Moon of Gathering (September/October)
It is the month where we gather our families, tribe, ancestors, and final harvest before winter.
Moon of Stillness (October/November)
The month that invites introspection to allow us to see what we may have forgotten along the way.
Moon of Dreaming (November/December)
As the nights grow longer, we read many Torah portions about dreams and dreaming. In these long nights, take the time to dream and re-ignite your creativity.
Moon of Clarity (December/January)
Tevet isa month to seek clarity on our path; even though the days are still short and the nights are long and dark.
Moon of Centering (January/February)
Shevat is our cosmic opportunity to center ourselves and determine our priorities for the busy growing seasons of late spring, summer, and fall.
Moon of Revealing (February/March)
Be perceptive to the things that may be hidden from plain sight and reveal things in their right time.
Moon of Speaking (March/April)
New Year of Kings
In Nisan we are challenged to speak the truth so we may find freedom and take responsibility for our lives.
Moon of Healing (April/May)
Iyyar is an acronym for “I am YHVH your Healer” (Ex 15:26).
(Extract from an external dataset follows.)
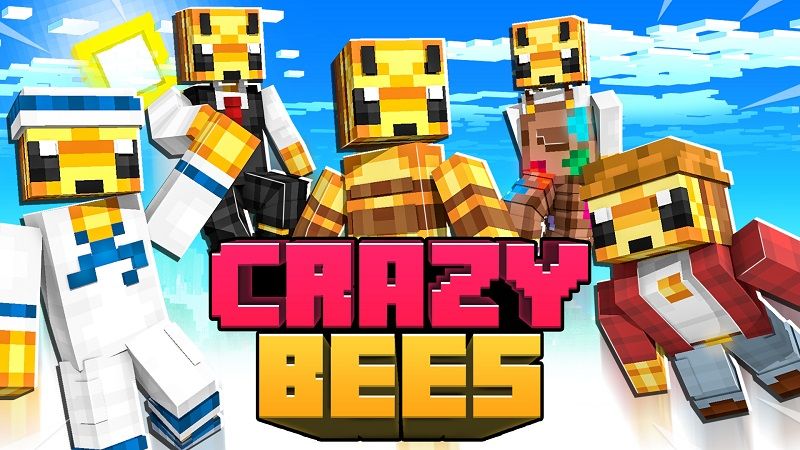 Crazy Bees on the Minecraft Marketplace by Street Studios Crazy Bees on the Minecraft Marketplace by Street Studios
It is a month to explore healing practices for ourselves, our communities, and our world.
Moon of Receiving (May/June)
Sivan is the month of receiving both communal and personal revelations at Sinai on Shavuot.
Moon of Change (June/July)
Tammuz is the month of claiming personal sovereignty and risking success, failure, and change.
Moon of Endings & Beginnings (July/August)
Av is a month for us to tear down our walls, both physical and emotional, challenge what we believe we need to thrive, and get ready to do the work of beginning again.
Moon of Making Space (August/September)
In Elul … “we become hollow to see what we will create in the space we make. We do tzimtzum, self-contraction, in memory of the first moment of making.”